When we say that to become a doctor is to join a respected profession, we mean that a doctor, during his workday in the hospital or office, is assured of authority. By completing medical school, he has put himself in a position in which authority—knowing how the body works, having the ability to fix it—over another person, his patient, is (for better or worse) guaranteed. This is a profession where the doctor is the one, after all, who is expected to know, who patients seek out to gain the knowledge they want and need. Doctors have perhaps been drawn to the profession for the security of authority (although publicly we tell the story of helping or caring, which may be true as well, and complementary). This authority, limited in place and time to office hours, is never meant to be threatening—its purpose is teaching and treatment and relief, the benefits of knowledge and experience—but it does create a distance between doctor and patient. This distance must be bearable, and even useful, for both the patient (who must feel able to say anything) and for the doctor (who must exhibit self-control for a greater purpose). Any sense of authority can be undermined, most notably when expert advice is neglected or ignored. When it was undermined, in my case, by Beatriz’s non-adherence, I needed to control myself—and I didn’t.
So perhaps there’s still another version of what happened that day. Maybe what had been depleted was my sense of purpose. Maybe I didn’t want to accept that Beatriz wouldn’t listen to me. She’d come to me for my experience and expertise, and then she’d gone ahead and made her own decisions for three years. She’d taken up my time, and I expected some respect for my advice in return. As each three-month visit approached, I would think again about why she was non-compliant, and what it was that she really wanted from life. The reasons for missing pills almost didn’t matter. There was shame about her illness, true forgetfulness, fatalism, magical thinking (missing pills meant she didn’t really have HIV), an inability to find the inner resources, the self-control, necessary to take pills for the rest of her life. There were a million possible reasons.
Did I really forget that Dahlia was there? I still ask myself. Was that possible, even if she was invisible, out of sight with her Barbies behind the examination table? Or did I unconsciously mean to use to Beatriz’s daughter against her? Did I unconsciously want Dahlia to pop up and ask her mother to do better, to live longer? Would it have been any better if I had yelled what I had when her daughter wasn’t present, if I’d sent her daughter from the room beforehand? Was my trespass worse because Dahlia was present, because I was forcing Beatriz to face her selfishness and look at her daughter?

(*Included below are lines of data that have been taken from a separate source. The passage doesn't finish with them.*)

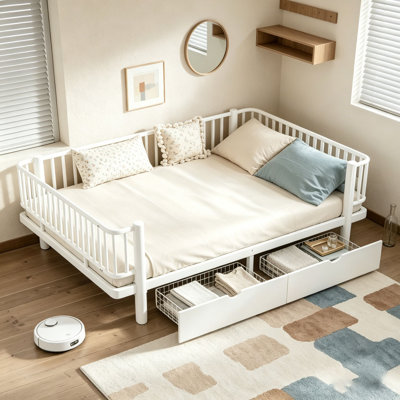 Platform Bed with Storage Drawers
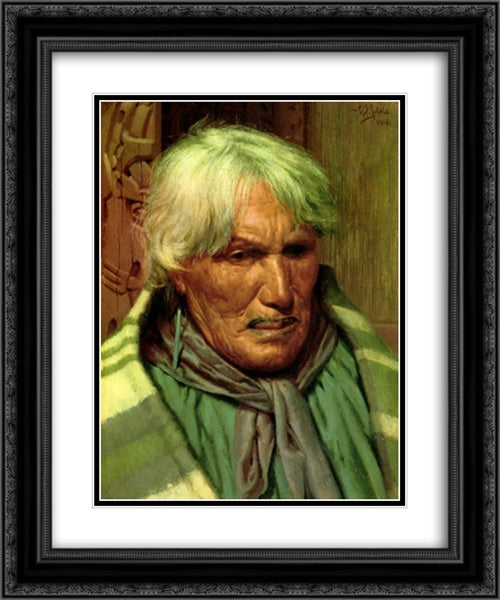 Sophia: the heroine of Tarawera 20x24 Black Ornate Wood Framed Art Print Poster with Double Matting by Goldie, Charles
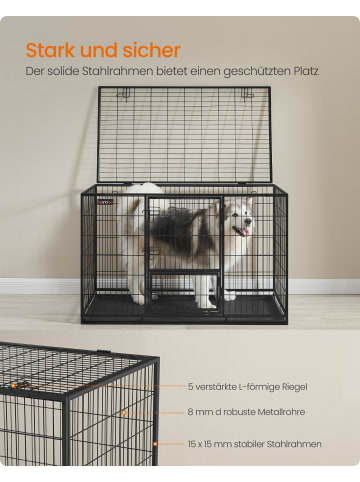 Feandrea Tiertransportbox Dack in Tintenschwarz - (B)139 x (H)87 x (T)79 cm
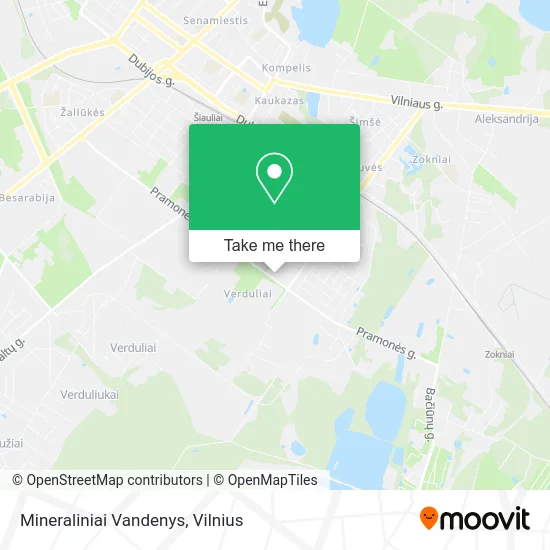 Карта Mineraliniai Vandenys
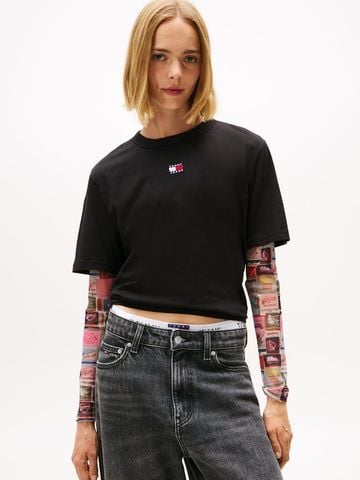 Tommy Hilfiger - Áo Thun Tay Ngắn Nữ Tommy Jeans Boxy Badge T-shirt Extended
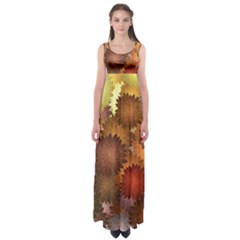 Flower Flora Decoration Pattern Drawing Floral Empire Waist Maxi Dress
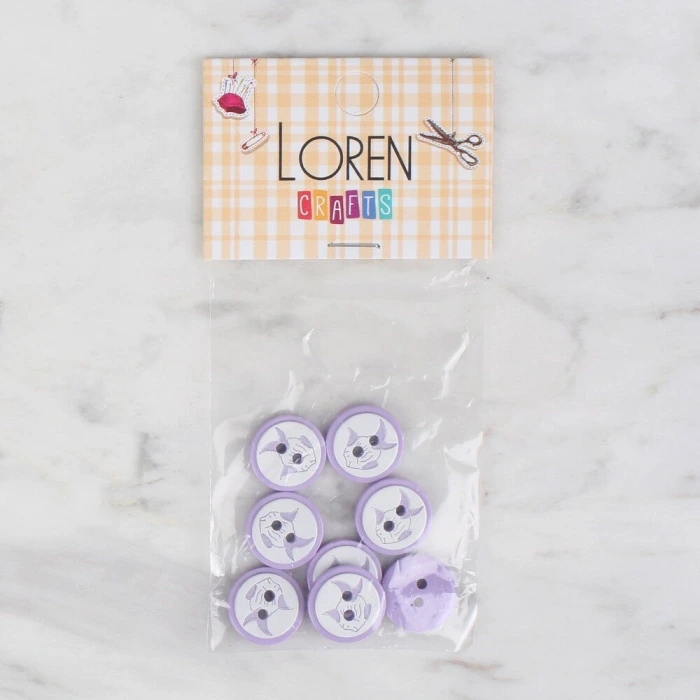 Loren Crafts 8 li balık lila - 573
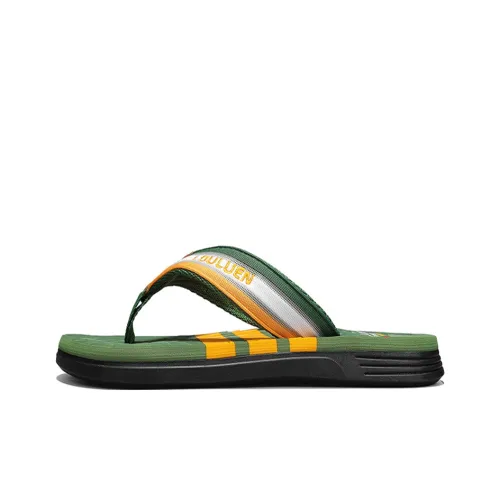 Budding Bear Quiet Odor Resistant Abrasion Resistant Slip Resistant Flip Flops Men's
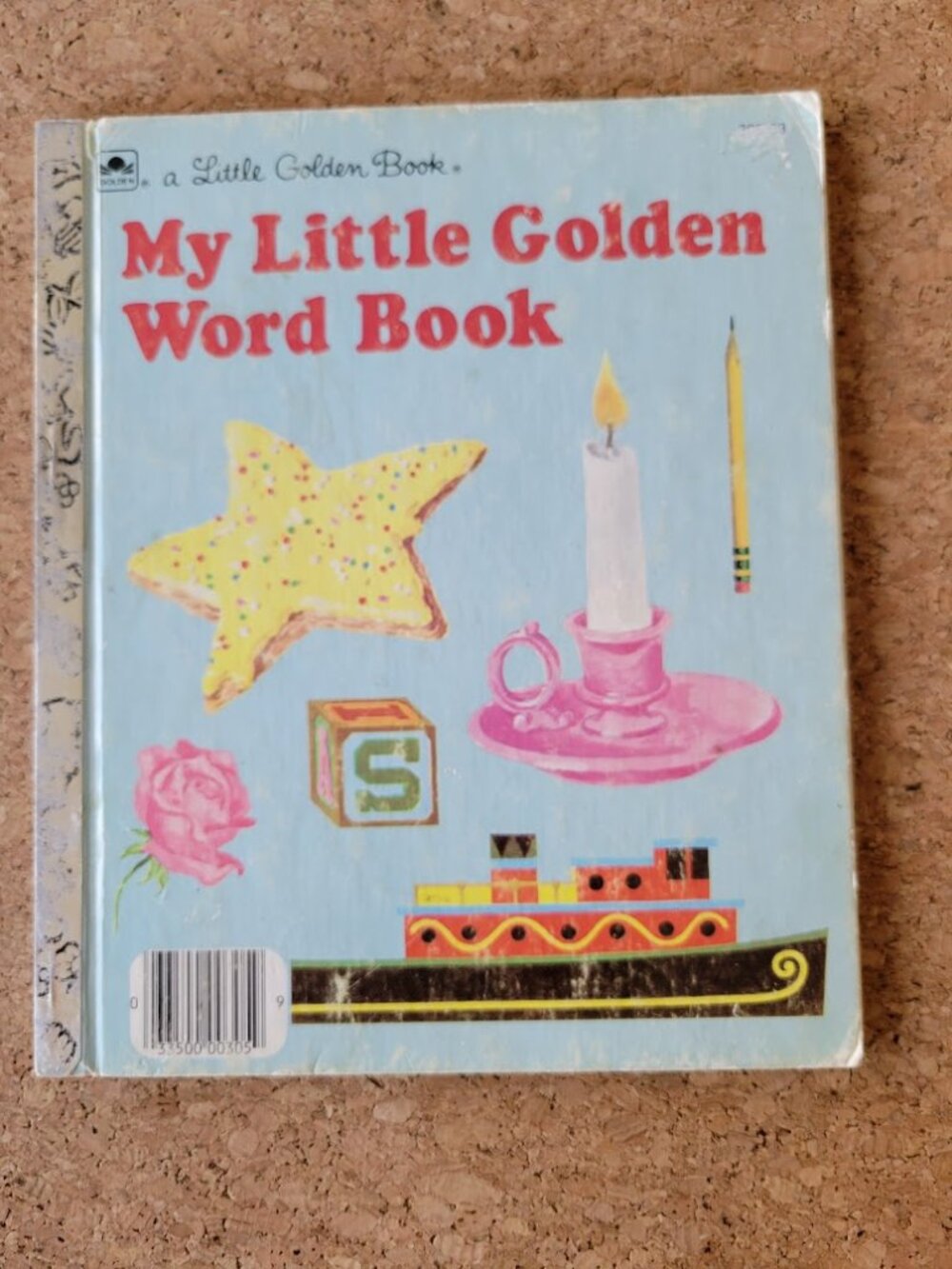 Vintage Little Golden Book My Little Golden Word Book 1968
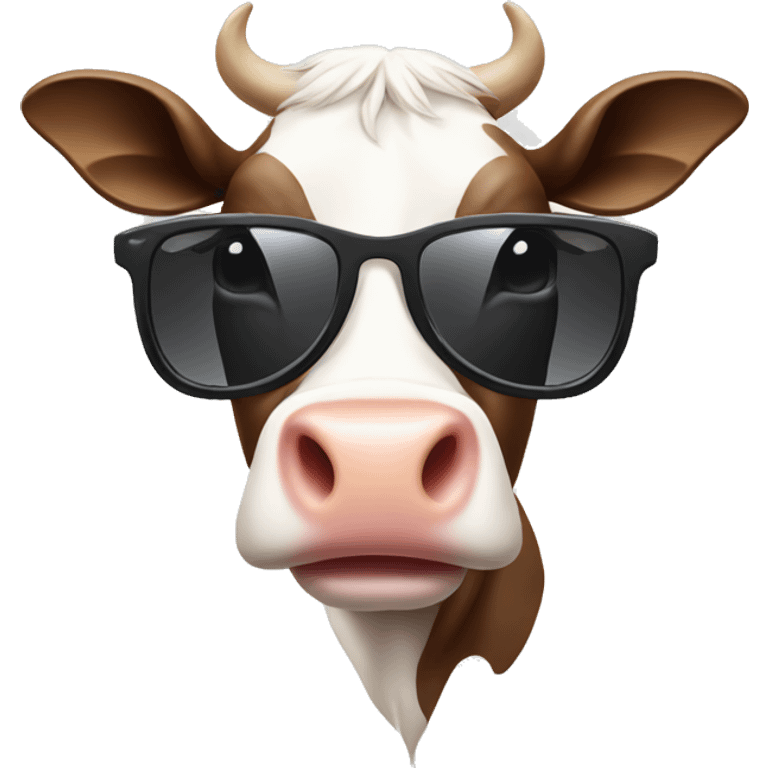 cow wearing sunglass emoji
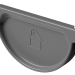 Заглушка желоба D125 Döcke STAL PREMIUM Графит, (RAL 7024) купить в Барнауле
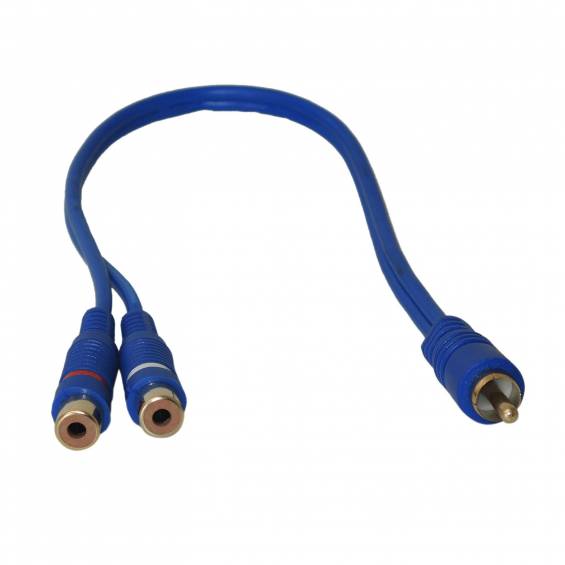 Stinger Select SSIBY2F RCA Y kábel 1 dugó 2 aljzat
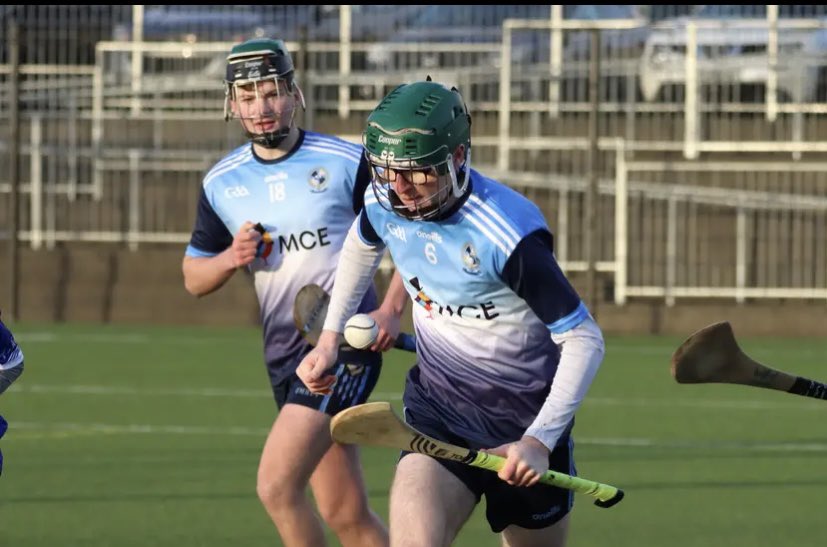 Rathmorepe's tweet photo. Congratulations to our Senior Hurlers who came out victorious in todays @DanskeBank_UK @ulsterschools Casement Cup semi-final vs @st_colmans. We now face @StMarysGSM in the final. Details to follow. Many thanks to Tibs Rice for the action shots! #RGS 🔵⚪️ https://t.co/zLY7V9rwZt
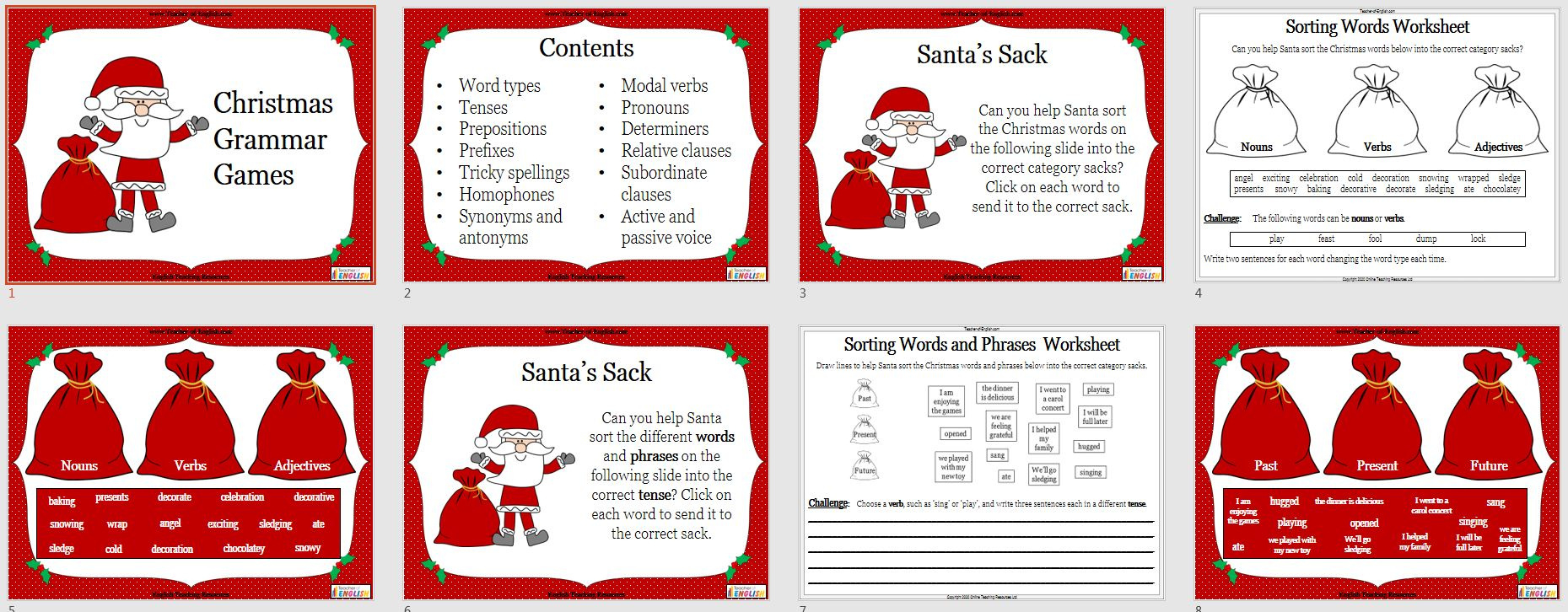 Christmas Grammar Activities | Teaching Resources with regard to Christmas Grammar Worksheets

Anger is a judgment. Did I have a right to judge Beatriz? A doctor’s kindness means more than bearing a patient’s vulnerability, sharing in it imaginatively. It means getting rid of that vulnerability, yanking the patient out of it when you can. That was my job, especially in matters of life and death. Kindness is a form of respect, but medical care requires action. I couldn’t share Beatriz’s vulnerability any longer.
I needed her to be perfect with her pills, but I was imperfect with my words. Although I was full of care, I was careless. I indulged myself, I faltered, I tried to humiliate her, and I was memorably unkind. Kindness is prone to collapsing, to falling apart. It should be easy in the practice of medicine; the foundation of kindness is dependence, and the patient needs you. I understood Beatriz’s consistent non-adherence as a sign that she didn’t need me. Compassion is easiest with those who return the favor.
Her understanding of our silent contract, set early in our relationship, included three clauses: don’t mention HIV in front of my daughter; I’m going to be non-adherent with my medication; I will continue to come see you. I tried to change the contract. Hoping for a different, longer life for Beatriz, maybe I was the one with the magical thinking.